[Task description] Exactly the lines below from the line with "Emporio Armani Herren" through the line with "Peach Pie Breakfast Casserole" must make up the answer, both ends included and pictures left out.

[Records shown]
· · · ·

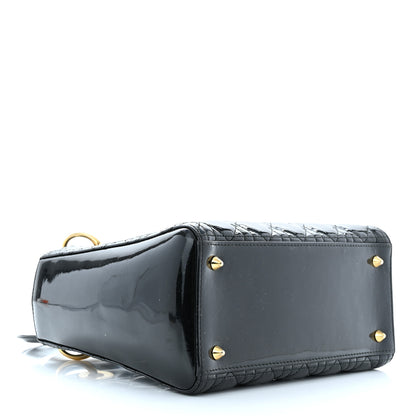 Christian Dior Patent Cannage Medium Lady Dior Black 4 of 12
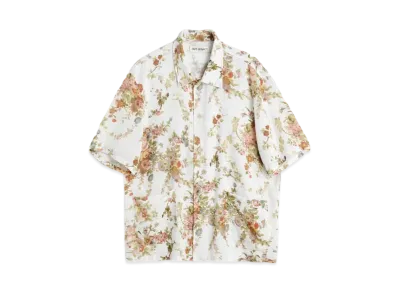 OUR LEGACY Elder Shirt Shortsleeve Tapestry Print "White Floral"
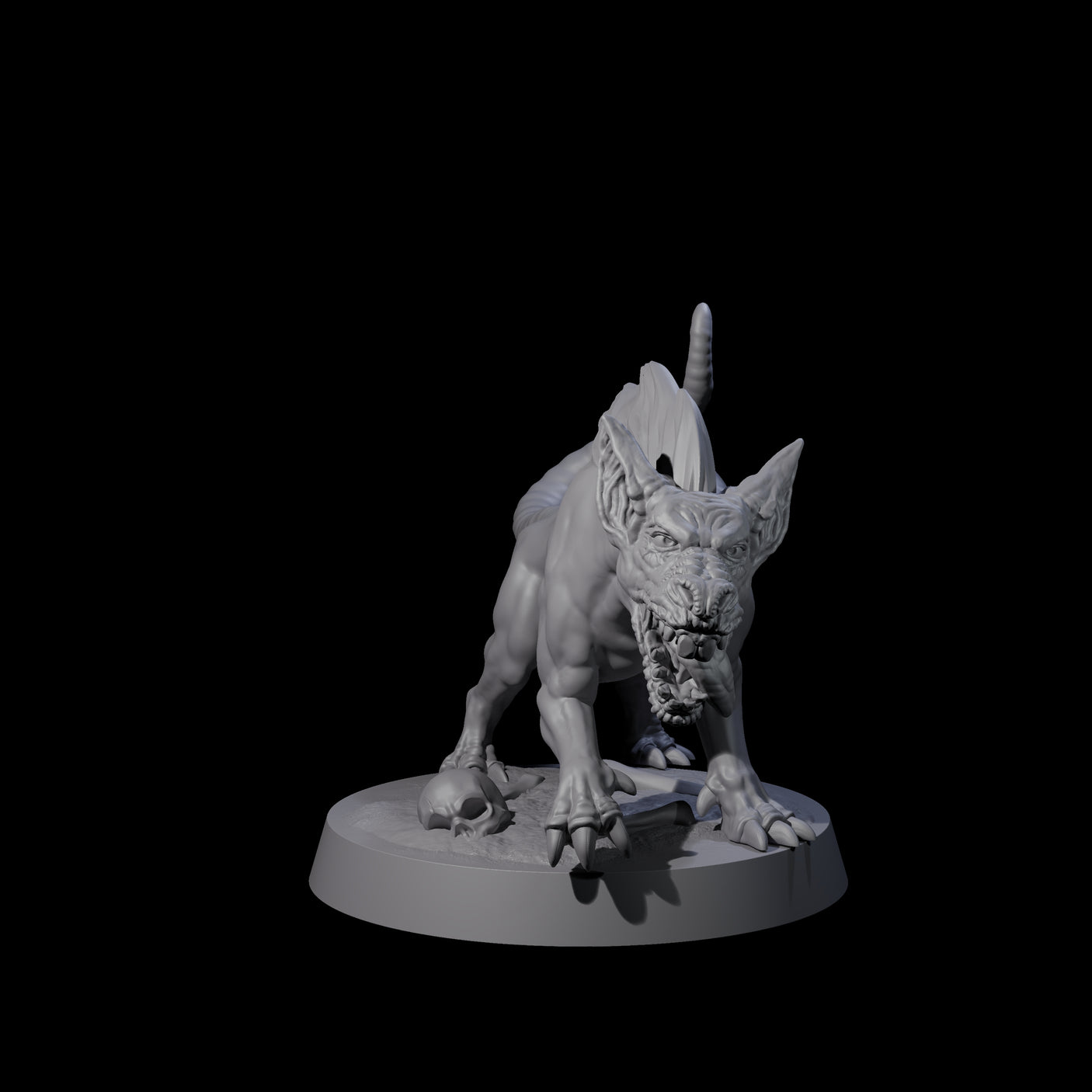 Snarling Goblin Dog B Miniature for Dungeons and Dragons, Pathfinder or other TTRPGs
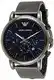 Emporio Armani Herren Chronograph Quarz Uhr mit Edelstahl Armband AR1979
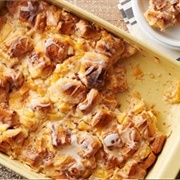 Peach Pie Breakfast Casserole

· · · ·

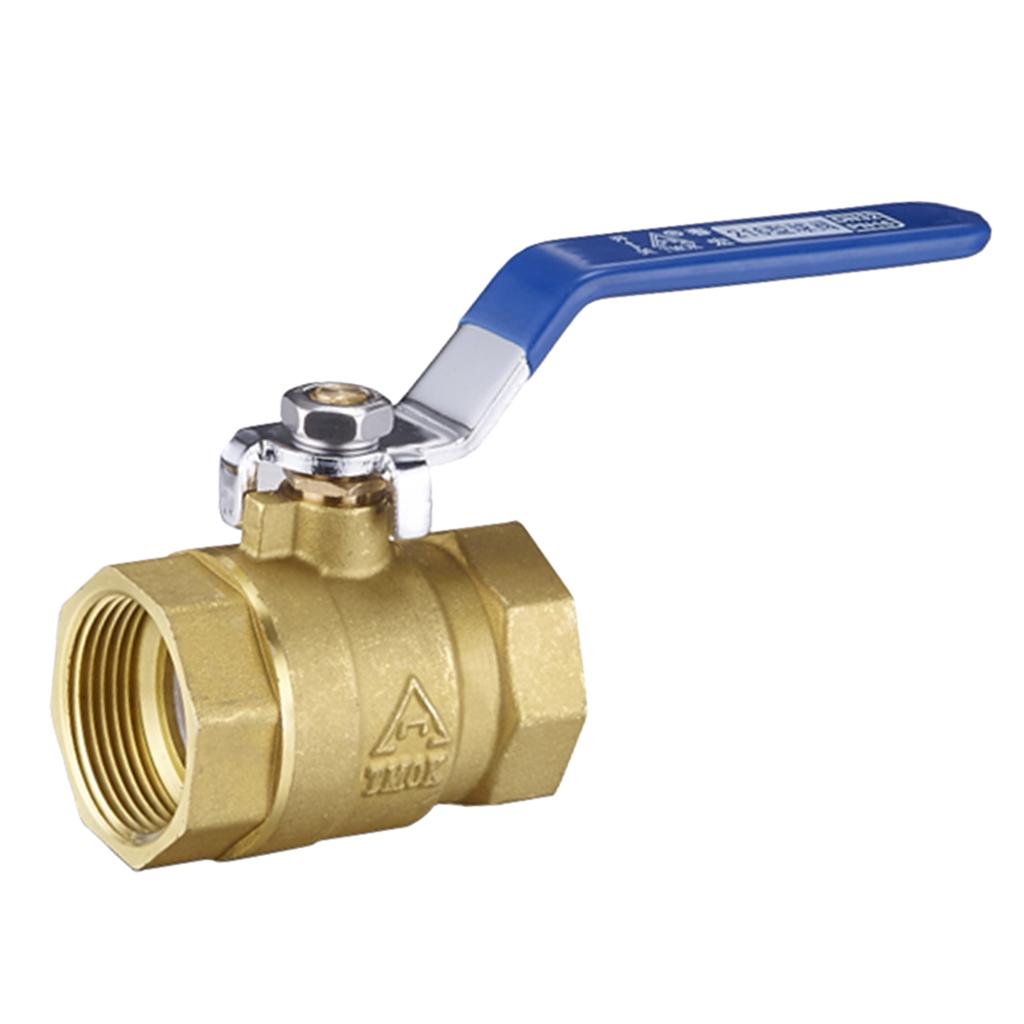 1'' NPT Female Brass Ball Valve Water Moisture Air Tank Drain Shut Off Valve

· · · ·

[Result of this exercise]
 Emporio Armani Herren Chronograph Quarz Uhr mit Edelstahl Armband AR1979
 Peach Pie Breakfast Casserole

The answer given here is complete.